Człowiek, który stworzył mistrzów
Nazwisko Adama Medyńskiego jest nierozerwalnie związane z największymi sukcesami polskiej szpady. Lista jego podopiecznych, którzy sięgali po najwyższe laury, jest niezwykle długa i imponująca. To pod jego okiem w klubach AZS Politechnika Wrocław, a później AZS AWF Wrocław, rozbłysły talenty takich zawodników jak:
- Mariusz Strzałka, Andrzej Lis i Leszek Swornowski – srebrni medaliści olimpijscy w drużynie z Moskwy w 1980 roku,
- Joanna Jakimiuk – mistrzyni świata z 1995 roku,
- Robert Andrzejuk i Tomasz Motyka – wicemistrzowie olimpijscy w drużynie z Pekinu w 2008 roku.
Warto dodać, że Tomasz Motyka pod skrzydłami Medyńskiego sięgnął również po indywidualne mistrzostwo Europy w 2005 roku. Do grona jego wybitnych wychowanków należeli także Robert Felisiak i Piotr Sozański.
Zanim Adam Medyński stał się legendą trenerską, sam z powodzeniem władał szpadą. Jego największym sukcesem zawodniczym był brązowy medal drużynowy, wywalczony podczas Letniej Uniwersjady w 1965 roku.

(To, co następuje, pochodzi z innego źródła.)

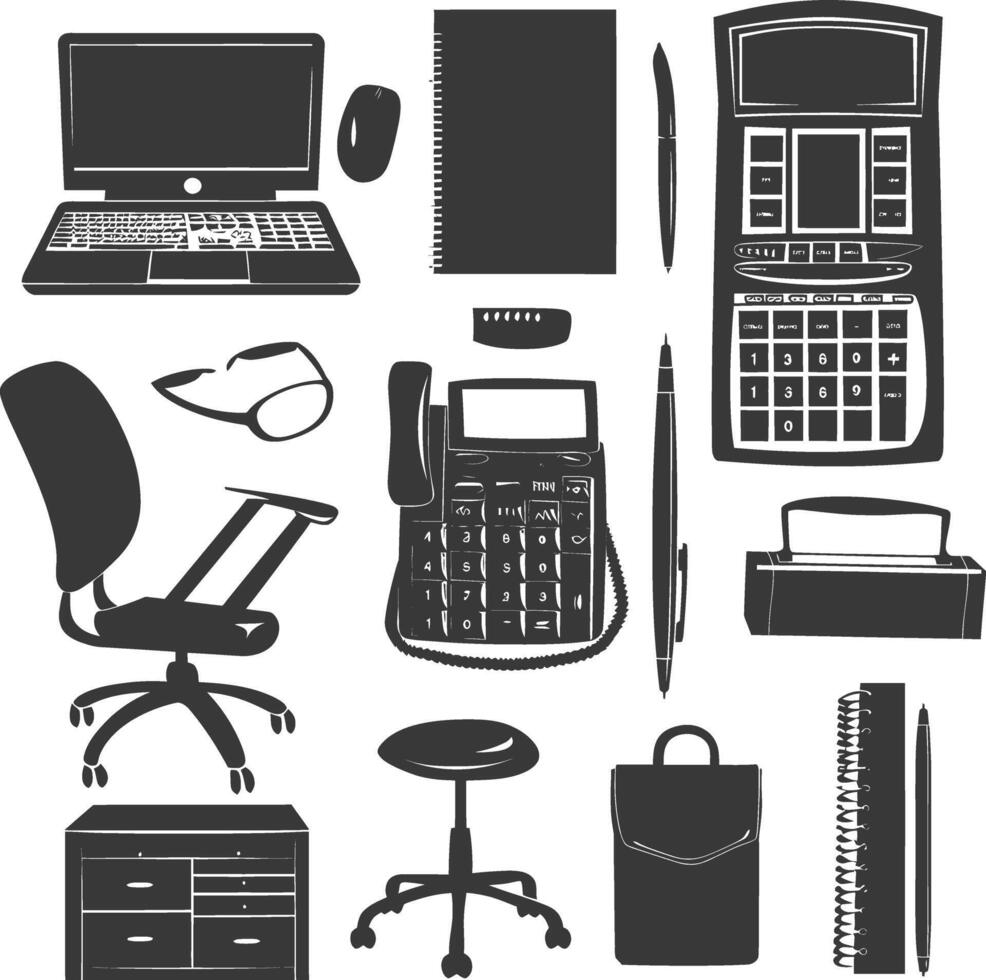 Silhouette office equipment black color only vector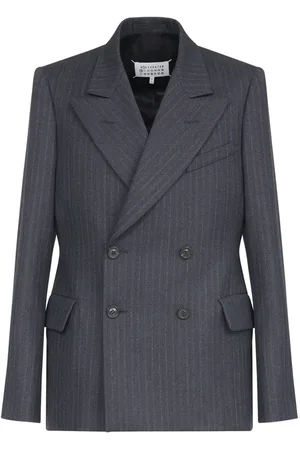 Maison Margiela Stribet Barathea blazer i uld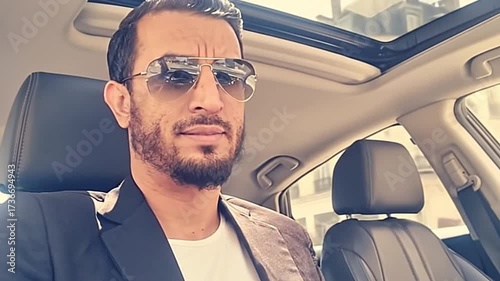 A man in sunglasses is sitting in a car
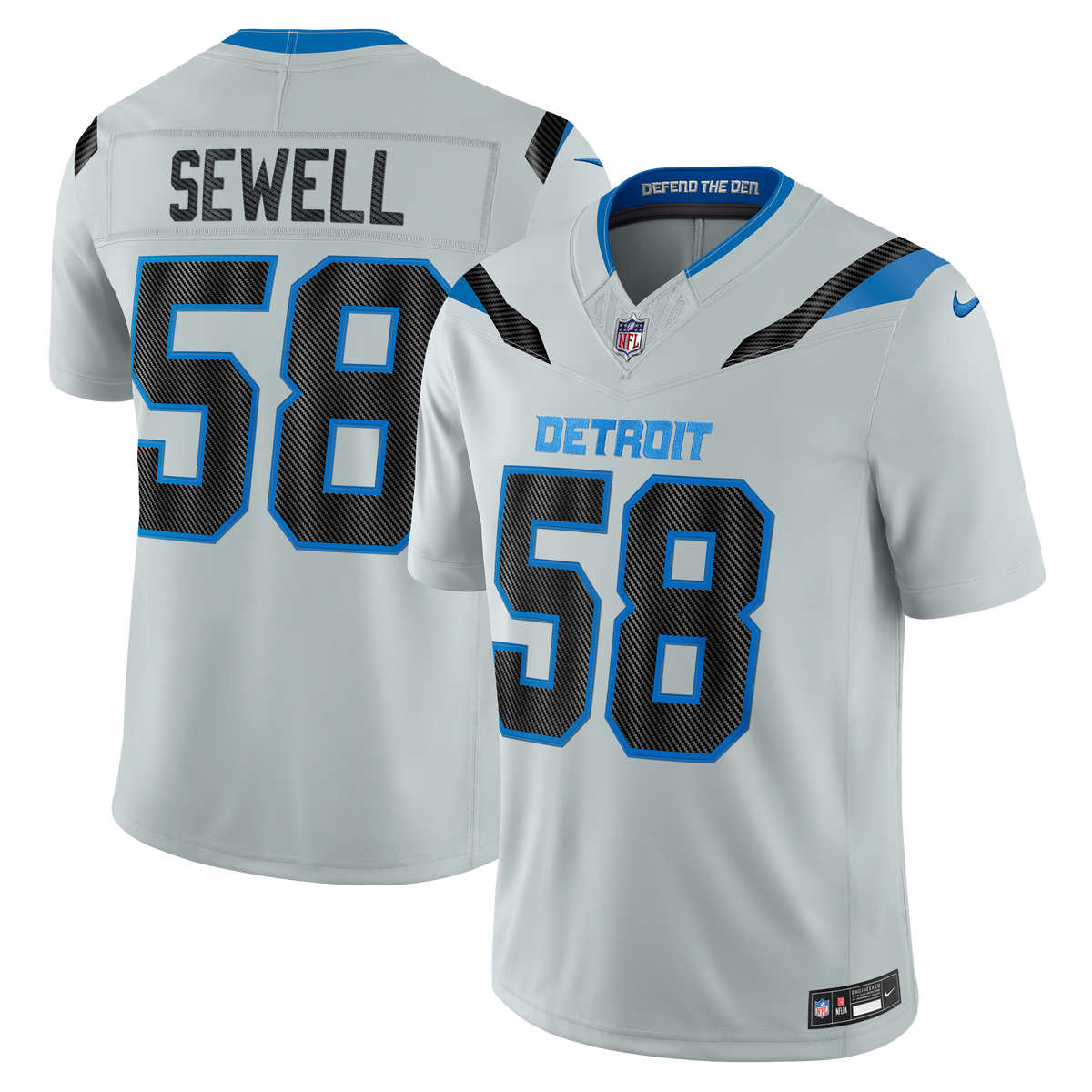 Detroit Lions Penei Sewell Nike Silver 2026 Rivalries Collection Stitched Limited Jersey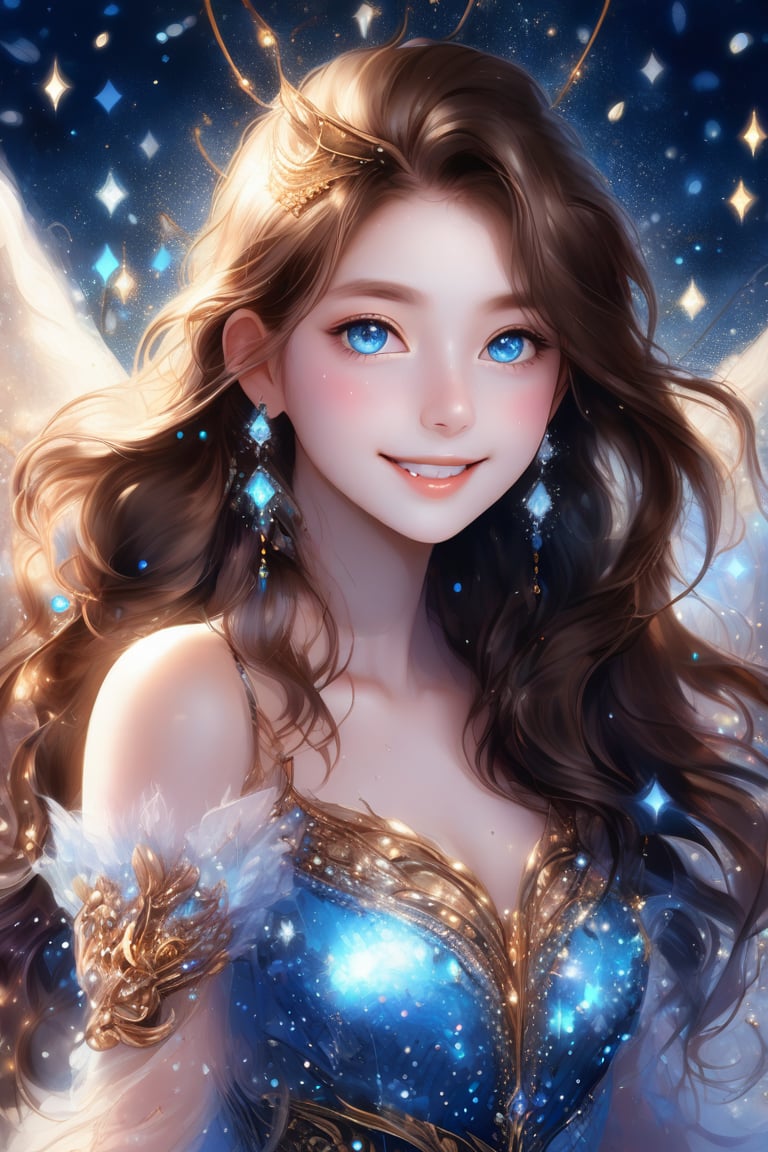 Beautiful girl, he is very cute, brown hair, blue eyes, she wears a very luxurious outfit. Upper body, detailed image, detailed skin, looking at viewer. Walking, ((masterpiece: 1.2)), light particles, ink droplets in background, Anime style.,noc-space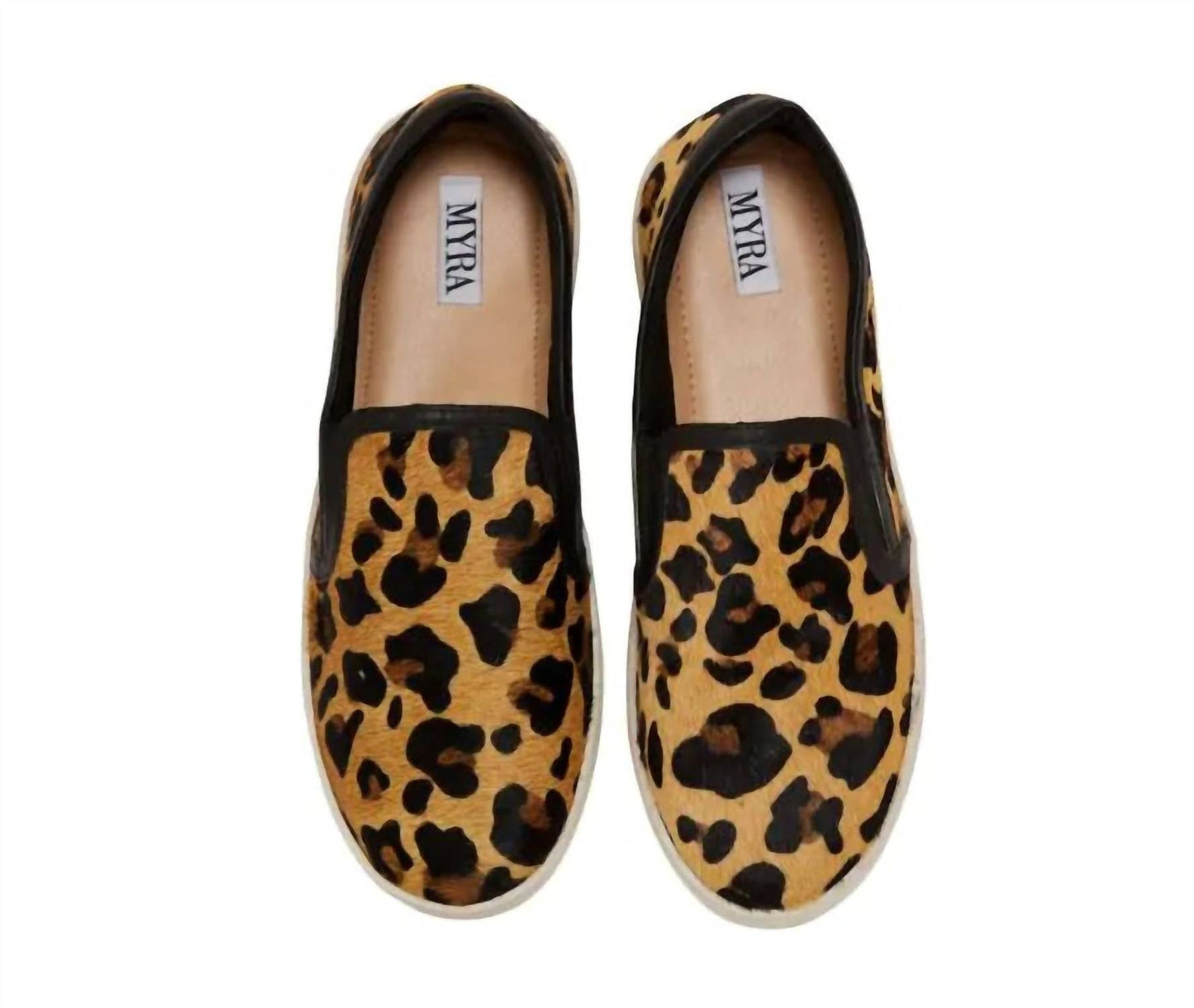 Myra - Women's Leather Leopard Hair On Hide Slip On Sneakers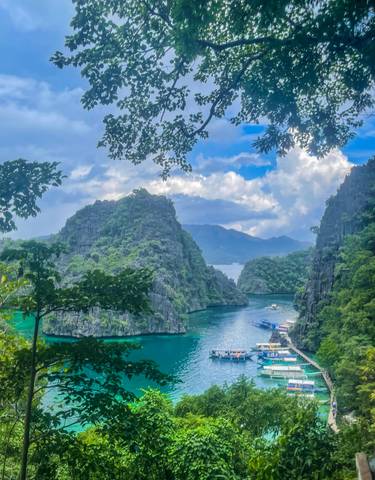 Scenic view of limestone cliffs and a bay.
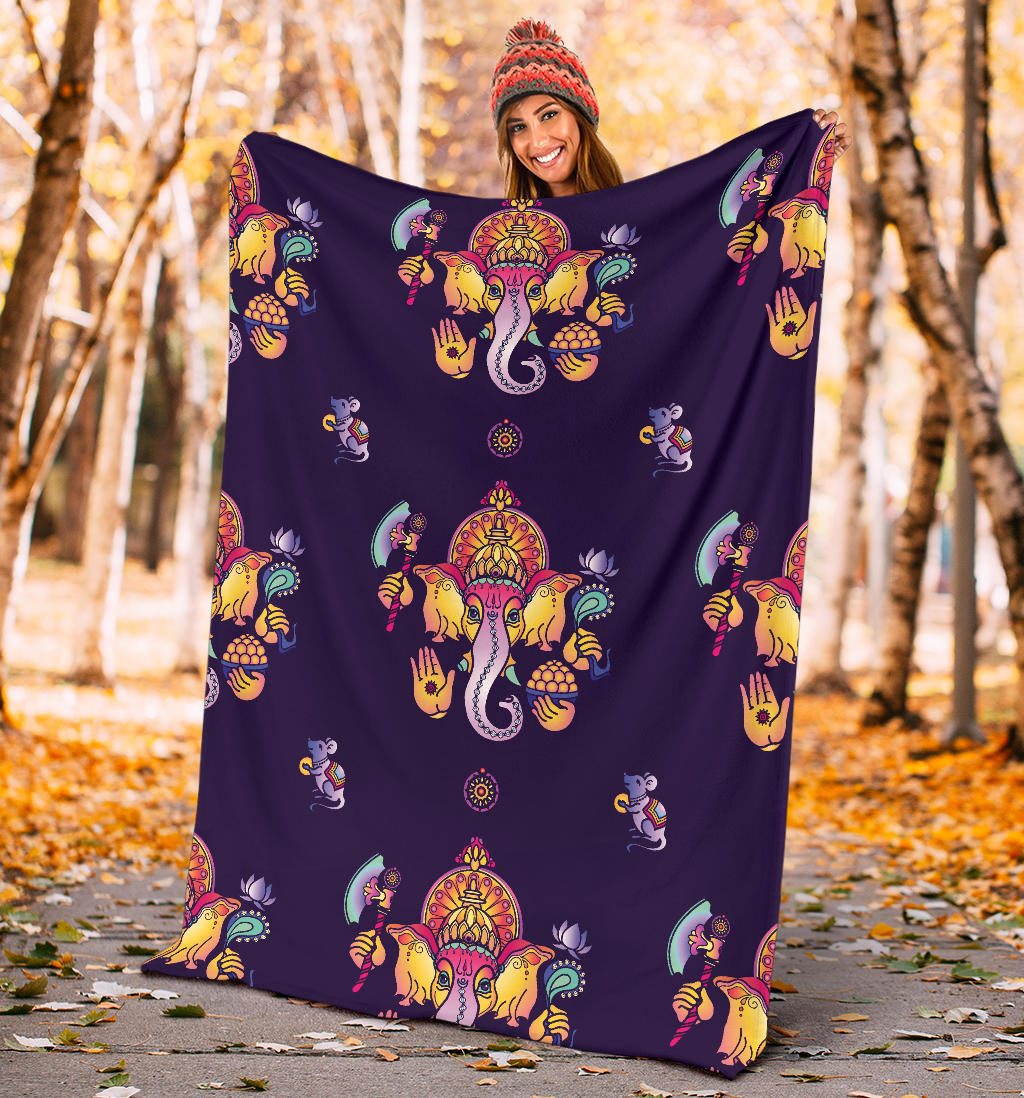 Ganesha Pattern Print Design 04 Premium Blanket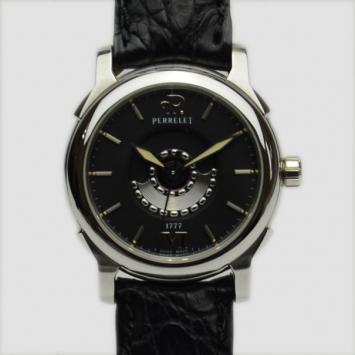 Perrelet Black Leather Double Rotor Ladies Wristwatch 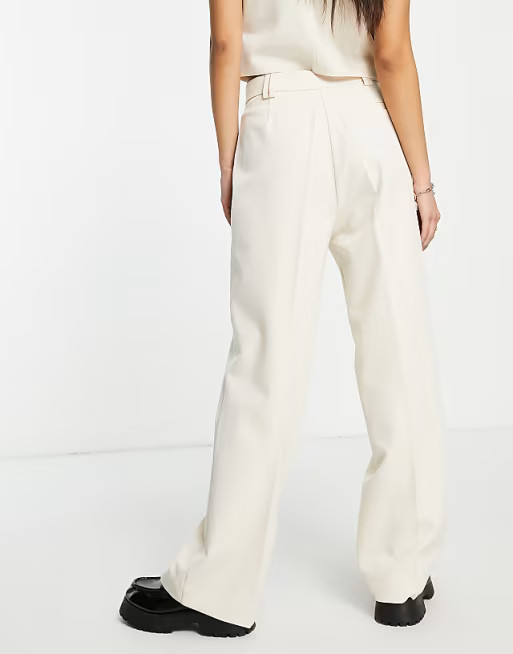 Miss Selfridge straight leg trouser in ecru | ASOS (Global)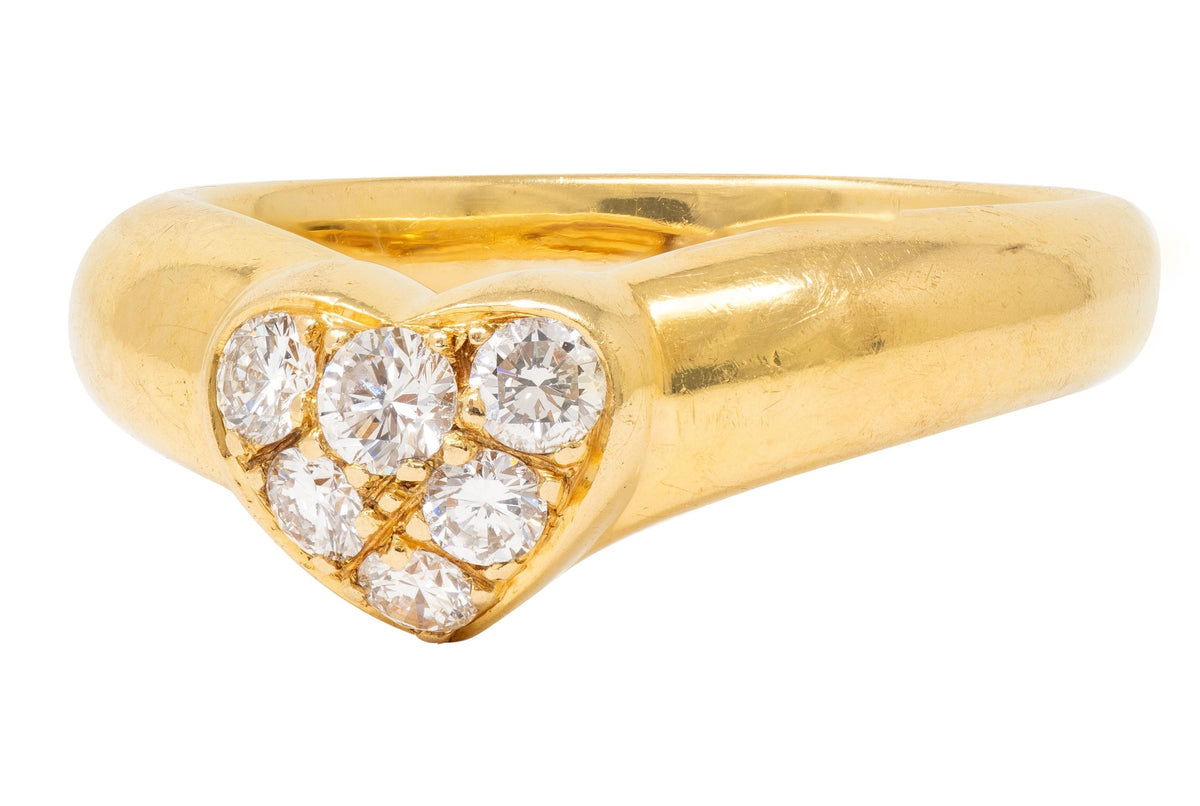 Tiffany & Co. 1990's Diamond 18 Karat Yellow Gold Vintage Puffy Heart Ring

Swoją ogromną pasją i wiedzą przez lata dzielił się ze zmarłą rok temu żoną, z którą wspólnie wychował całe pokolenia czołowych polskich szpadzistów. Jego praca to nie tylko medale, ale przede wszystkim fundament, na którym przez dekady opierała się siła polskiej szermierki. Odszedł człowiek-instytucja, którego dziedzictwo na zawsze pozostanie częścią historii polskiego sportu.